» SUPPLIED DATA:
+ + + +

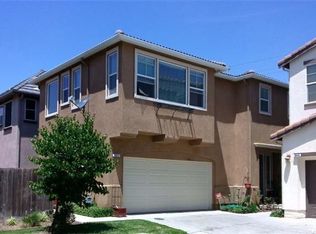 3845 Purple Finch Ln, Modesto, CA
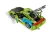 LEGO(R) TECHNIC 42229 Samochód Mitsubishi 4.webp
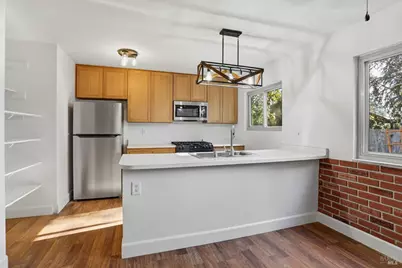 7236 Cadiz Court, Rohnert Park, CA 94928 - Photo 11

+ + + +

» WHAT IS BEING ASKED: Set the listing above down again exactly, leaving pictures out.

» YOUR SOLUTION:
 3845 Purple Finch Ln, Modesto, CA
 LEGO(R) TECHNIC 42229 Samochód Mitsubishi 4.webp
 7236 Cadiz Court, Rohnert Park, CA 94928 - Photo 11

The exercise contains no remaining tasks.